▶ _Provided information_:
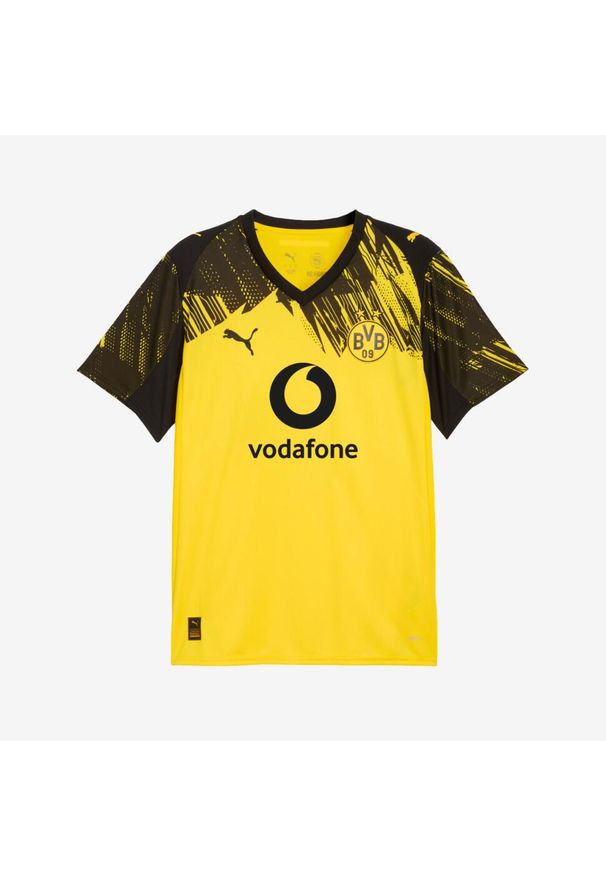 Oficjalna koszulka piłkarska Puma Borussia Dortmund 25/26 domowa. Materiał: materiał. Sport: piłka nożna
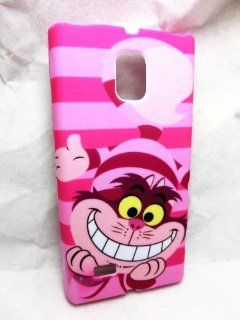 3D Cheshire Cat Shy Cute Lovely Pink Prison Break Hard Case Cover For Smart Mobile Phones (LG Spectrum 2 VS930) Cell Phones & Accessories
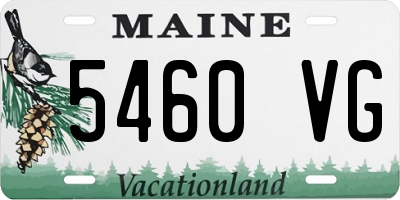 ME license plate 5460VG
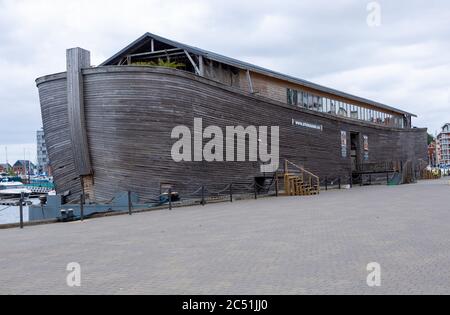 Navire flottant du musée ARK Museum dans le quai Orwell, Wet Dock, Ipswich, Suffolk, Angleterre, Royaume-Uni Banque D'Images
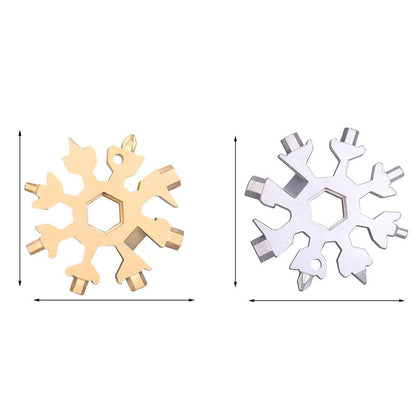 Clé à Six angles créative en forme de flocon de neige, Gadget Portable d'entretien de vélo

▶ _Work to be completed_:
Each entry above must be restated word for word; the pictures stay out of the copy.

▶ _Exercise result_:
 Oficjalna koszulka piłkarska Puma Borussia Dortmund 25/26 domowa. Materiał: materiał. Sport: piłka nożna
 3D Cheshire Cat Shy Cute Lovely Pink Prison Break Hard Case Cover For Smart Mobile Phones (LG Spectrum 2 VS930) Cell Phones & Accessories
 ME license plate 5460VG
 Navire flottant du musée ARK Museum dans le quai Orwell, Wet Dock, Ipswich, Suffolk, Angleterre, Royaume-Uni Banque D'Images
 Clé à Six angles créative en forme de flocon de neige, Gadget Portable d'entretien de vélo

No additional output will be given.